Peak sections and Bergman kernels on complex hyperbolic cusps

par Shengxuan Zhou (IMT)

jeudi 9 janv. 2025, 10:30 → 11:30 Europe/Paris

The asymptotic behavior of Bergman kernel on Kahler manifold has been studied by Tian, Ruan, Zelditch, Catlin, Ma, Marinescu and many others since 1990. The works related to Bergman kernel plays an important role in complex geometry. In this talk, we will introduce a way to localize the Bergman kernel by using peak sections. As an application, we consider the asymptotic behavior of Bergman kernels on complex hyperbolic cusps. This generalizes a result of Auvray-Ma-Marinescu.

 

References:

[1] Auvray, H., Ma, X. & Marinescu, G. Bergman kernels on punctured Riemann surfaces. Math.

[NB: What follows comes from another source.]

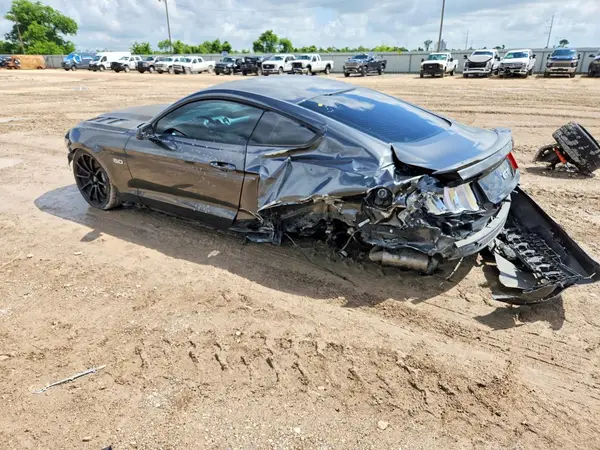 1FA6P8CF0H5277319 2017 FORD MUSTANG - Image 2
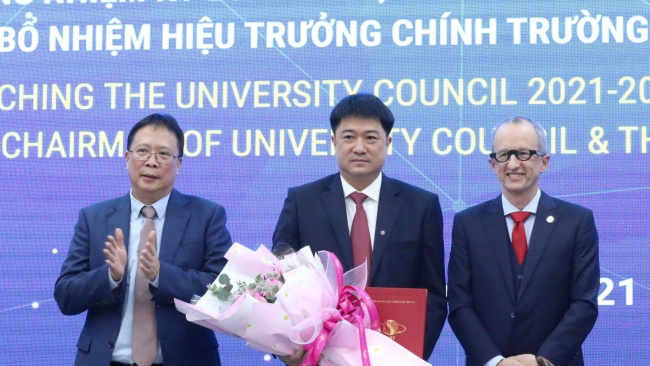 Hà Nội: Trường ĐH Khoa học và Công nghệ bổ nhiệm hiệu trưởng mới người Pháp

Ann. 379, 951–1002 (2021).

[2] Auvray, H., Ma, X. & Marinescu, G. Quotient of Bergman kernels on punctured Riemann surfaces. Math. Z. 301, 2339–2367 (2022).

[3] Zhou, S. Peak sections and Bergman kernels on Kähler manifolds with complex hyperbolic cusps. Math. Ann. 390, 1973–2041 (2024).